• _Data entries_
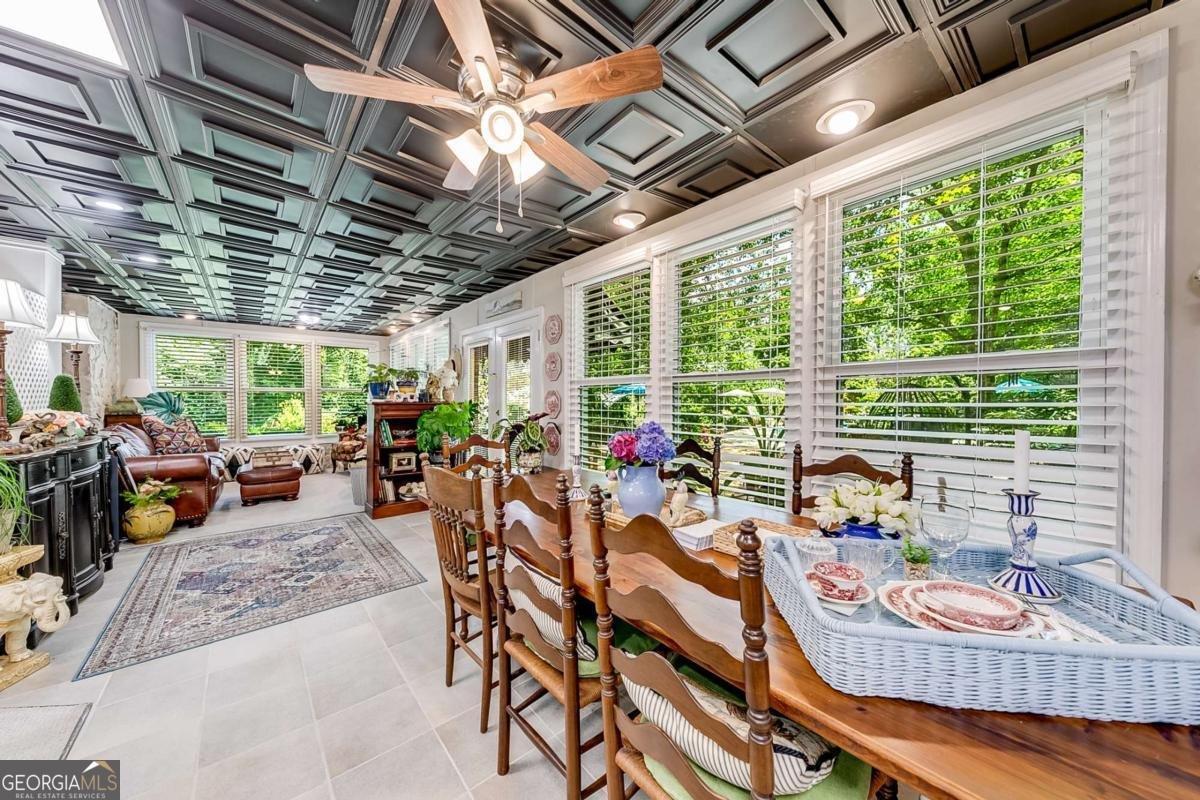 6180 Old Jefferson Road Athens - Photo 67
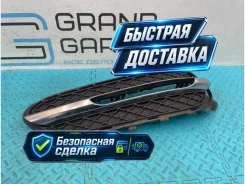������� � ������ Mercedes-Benz E-Class 2012 A2128851823 W212 651.924 2.2, �������� ������ A2128851823 ����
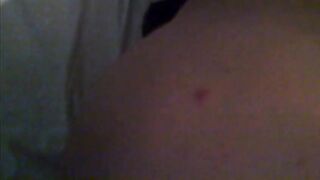 100% Real amateur bbw aunt fucked by nephew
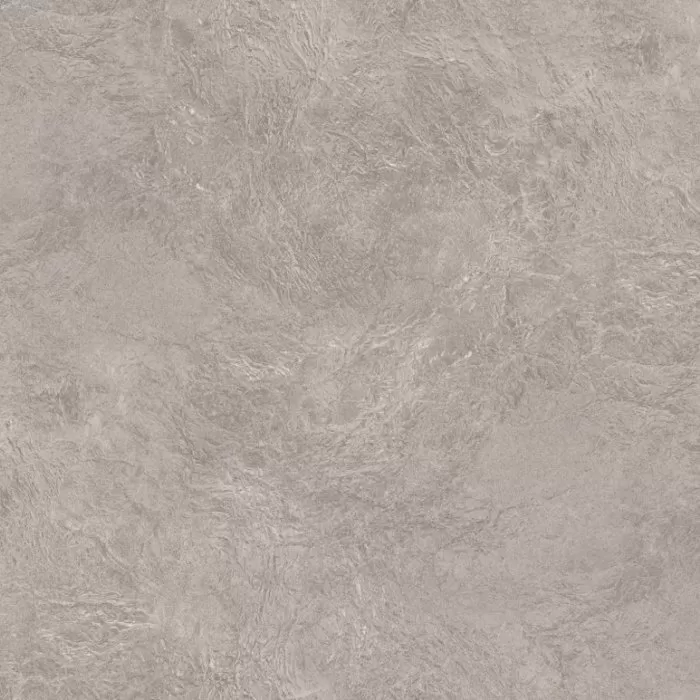 589088 Tapete Platinum 1,06 m - img 1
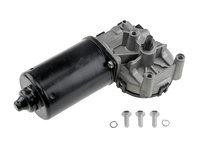 MOTOR Stergator FATA, HYUNDAI TUCSON 2004-,KIA SPORTAGE 2004-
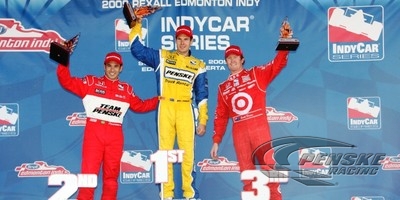 Photo courtesy of IMS Photo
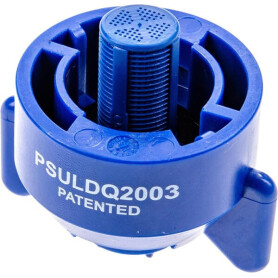 Joint JOHN DEERE PSULDQ2003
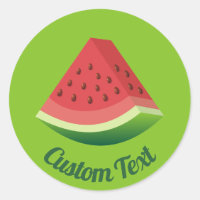 Pâte de melon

• _Task item_
Transcribe each of the records above precisely, with no pictures in the copy.

• _Exercise response_
 6180 Old Jefferson Road Athens - Photo 67
������� � ������ Mercedes-Benz E-Class 2012 A2128851823 W212 651.924 2.2, �������� ������ A2128851823 ����
 100% Real amateur bbw aunt fucked by nephew
 589088 Tapete Platinum 1,06 m - img 1
 MOTOR Stergator FATA, HYUNDAI TUCSON 2004-,KIA SPORTAGE 2004-
 Photo courtesy of IMS Photo
 Joint JOHN DEERE PSULDQ2003
 Pâte de melon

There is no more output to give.